Researchers conducted isotope analysis to trace origin of cotton used by the brands

Shweta Sharma
Friday 06 May 2022 12:31 BST
File: An ethnic minority worker operates cotton yarn machinery at Aksu Huafu textile limited company in Aksu, western China's Xinjiang Uyghur Autonomous Region
File: An ethnic minority worker operates cotton yarn machinery at Aksu Huafu textile limited company in Aksu, western China's Xinjiang Uyghur Autonomous Region (EPA)

Traces of cotton sourced from the Chinese province of Xinjiang have been found in clothes made by Adidas, Puma and Hugo Boss by German researchers.

The major fashion brands have denied sourcing cotton from the region in which China is accused of carrying out widespread human-rights violations.

An isotope analysis was used to trace the geographic origin of some t-shirts made by these brands by comparing cotton samples from the region, according to the investigative analysis carried out by the Agroisolab in Jülich and the Hochschule Niederrhein University of Applied Sciences, reported German public broadcaster NDR.

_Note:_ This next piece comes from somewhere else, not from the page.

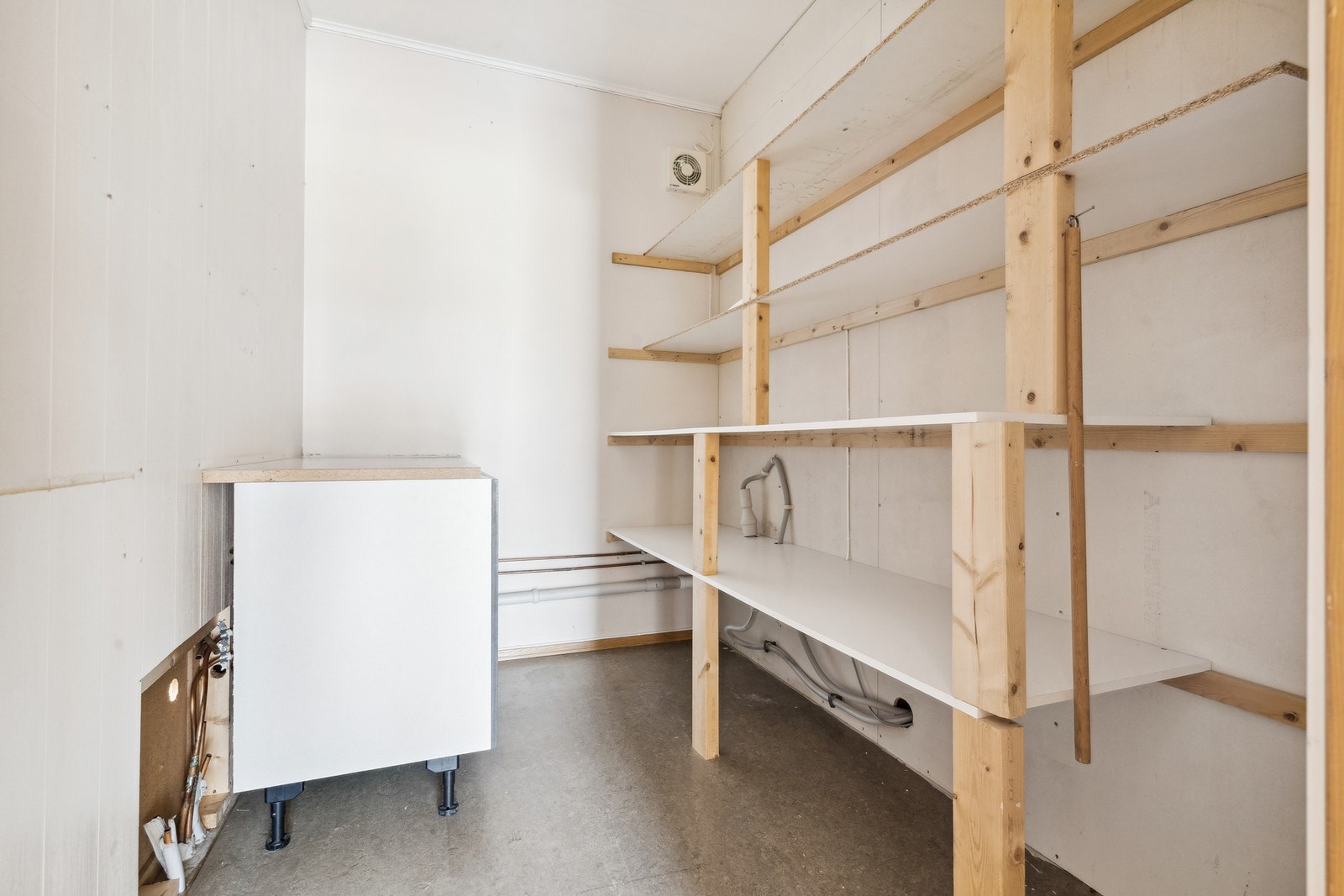 Romslig bod med innredning. Galleribilde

Markus Boner from Agroisolab told the broadcaster about an “unambiguous” signature in the cotton made by the climate and geology of a place.

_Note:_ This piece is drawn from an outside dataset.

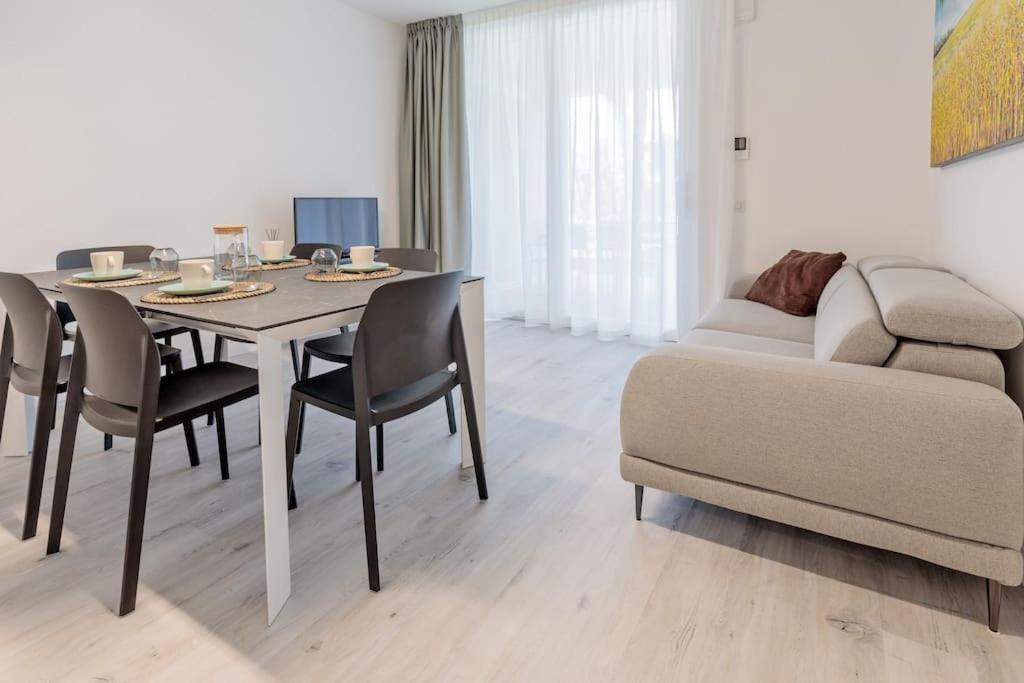 Wave Island! Luxury A - Piscina E Park Free! *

He said such signatures are isotopic fingerprints to differentiate cotton sourced from other countries and other Chinese regions as well.

Cotton is a big business for China as its Xinjiang province accounts for 84 per cent of global supplies.

The region’s government has come under intense criticism for allegedly detaining Uyghur Muslims in the camps and is accused of some of the worst human rights violations, including forced labour on minorities.

Since 2017, China is widely reported to have detained more than a million – some estimates put the figure at three million – Uyghur Muslims in detention facilities that Beijing has described as vocational training centres.

The US banned cotton imports from the region after Joe Biden signed the Uyghur Forced Labor Prevention Act. Following pressure, several western clothes brands vowed to not use the cotton sourced from Xinjiang.

The German broadcaster’s investigative programme STRG_F reached out to the brands before the publication of the report to ask if they used Xinjiang cotton.

Hugo Boss said it did not tolerate forced labour in its supply chains, while Puma and Addidas denied using cotton from Xinjiang as well.

“The laboratory was able to prove that the ‘fingerprints’ of the cotton in the garments are very similar to the cotton samples from Xinjiang and can be clearly distinguished from other cotton-growing regions,” said the report.

“This means that clothing from all three companies apparently contains cotton from Xinjiang.”

Puma, in a statement to the Guardian newspaper, said they “strongly insist on the fact and reconfirm that Puma does not source any cotton from the Xinjiang region”.

“We do reiterate that we do not have any relations – direct or indirect – with any cotton supplier in the Xinjiang region.”

“Based on all the information we obtained through our investigations, and the traceability controls we put in place in our supply chain, we are confident that we do not source cotton from the Xinjiang region,” it added.

Addidas said the company “sources cotton exclusively from other countries and takes a variety of measures to ensure fair and safe working conditions in its supply chain”.